Knitty City is a UWS treasure and a haven for the ever-growing knitting community. Despite the apparent disarray, the yarn packed into the small space is actually well-organized by weight and brand. The original owner, Pearl Chin, is sorely missed but it’s good to know the shop is carrying on her helpful and friendly tradition. Thanks, Robert Beck, for capturing the warm, lively vibe of this great little UWS institution.
I only went in this store once. As a beginning knitter I was promptly encouraged to “come and sit “ anytime . I bought a skein of yarn that was hand-dyed for this store and given ideas for one skein projects. The ambiance and welcome made it clear there was community to be found here. Unfortunately, I moved away shortly after . Lovely painting and article.
Knitty Witty Knitty City I just knit an itty bitty…but the folks there are great. When the womens’ protest march demanded pussy hats a few years ago – these gals were the Goddesses . I made a donation and got two for my sister and me…but that is not the point here. What matters is you. Bob, have yet again told a great story of another neighborhood institution. I really feel the bustle of the energy in this place from your lovely painting.

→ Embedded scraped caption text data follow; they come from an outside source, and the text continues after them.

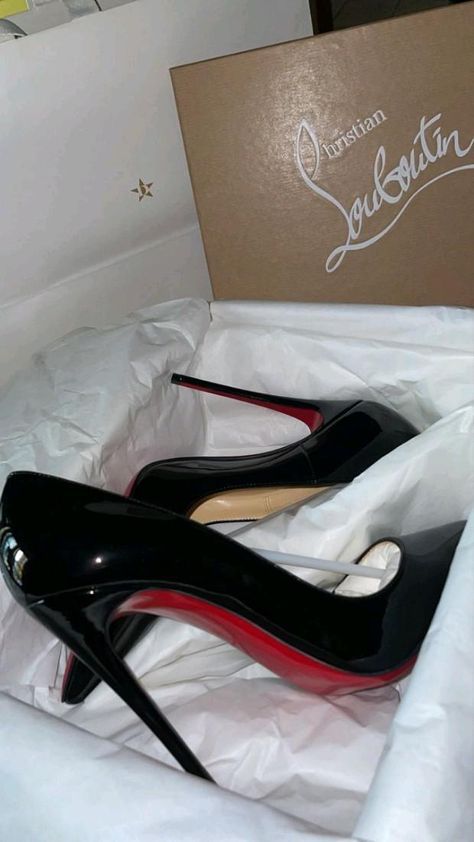 Louboutin Aesthetic, Red Bottom Heels, Pretty Heels, Heels Aesthetic, Fashion Shoes Heels, Cute Shoes Heels, Red Louboutin, Louboutin Heels, Christian Louboutin Heels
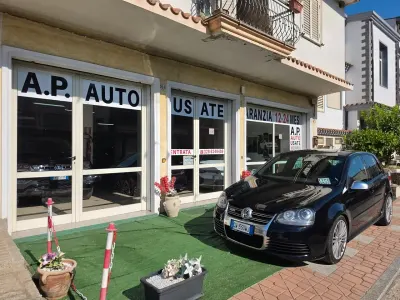 Usata VW Golf V R 250 CV (183 kW) 2007 Nero Berlina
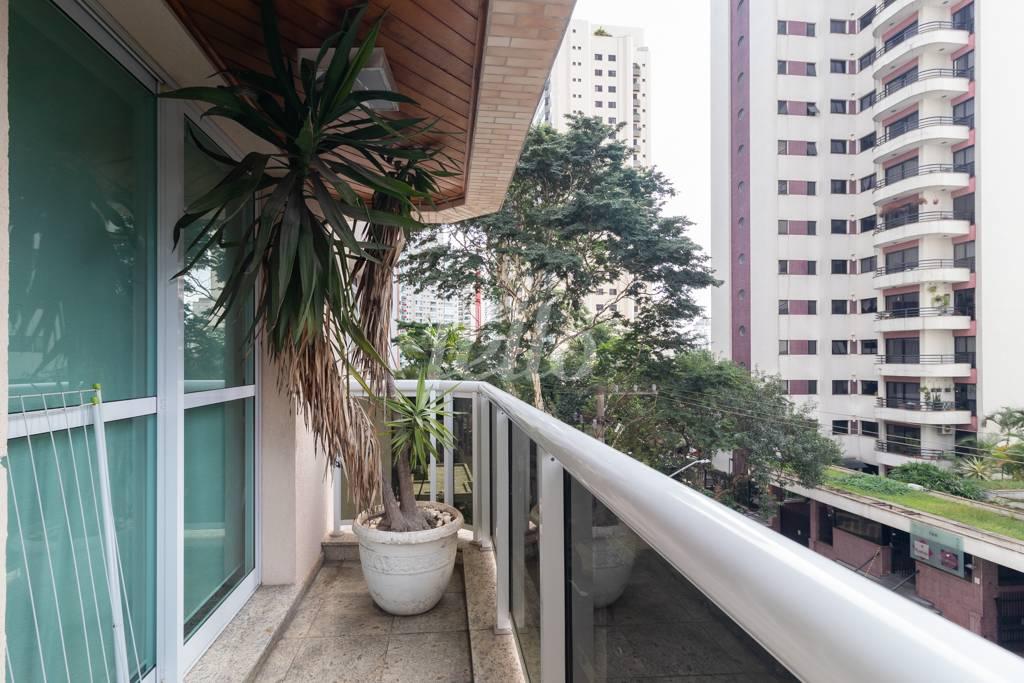 SACADA de Apartamento à venda, Padrão com 155 m², 3 quartos e 3 vagas em Vila Regente Feijó - São Paulo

From your Biggest Fan and Knit Wit….
Everyone is welcome and everyone fits in, at Knitty City. Pearl left us such a unique gift with this shop. I stop in whenever I’m in NY. It’s just an extraordinary experience. Your paintings capture its elan!
I was in a yarn shop somewhere in Alaska and the owner knew Peral of Knitty City. It’s a real treasure.
I live in Wisconsin and come to NYC to visit my daughter. Every time I get in a visit to Knitty City. I always find a new project to knit. Last time was an adorable toddler dress for my granddaughter. Thanks, I love the store.
I happened across this store while walking to meet some out-of-town friends at the museum of natural history. It was serendipity!! Naturally I bought some yarm!
I live in New Jersey, but it’s a happy memory.
Knitty City is a great visit! Treasure your local yarn stores, you never know how long they’ll be there.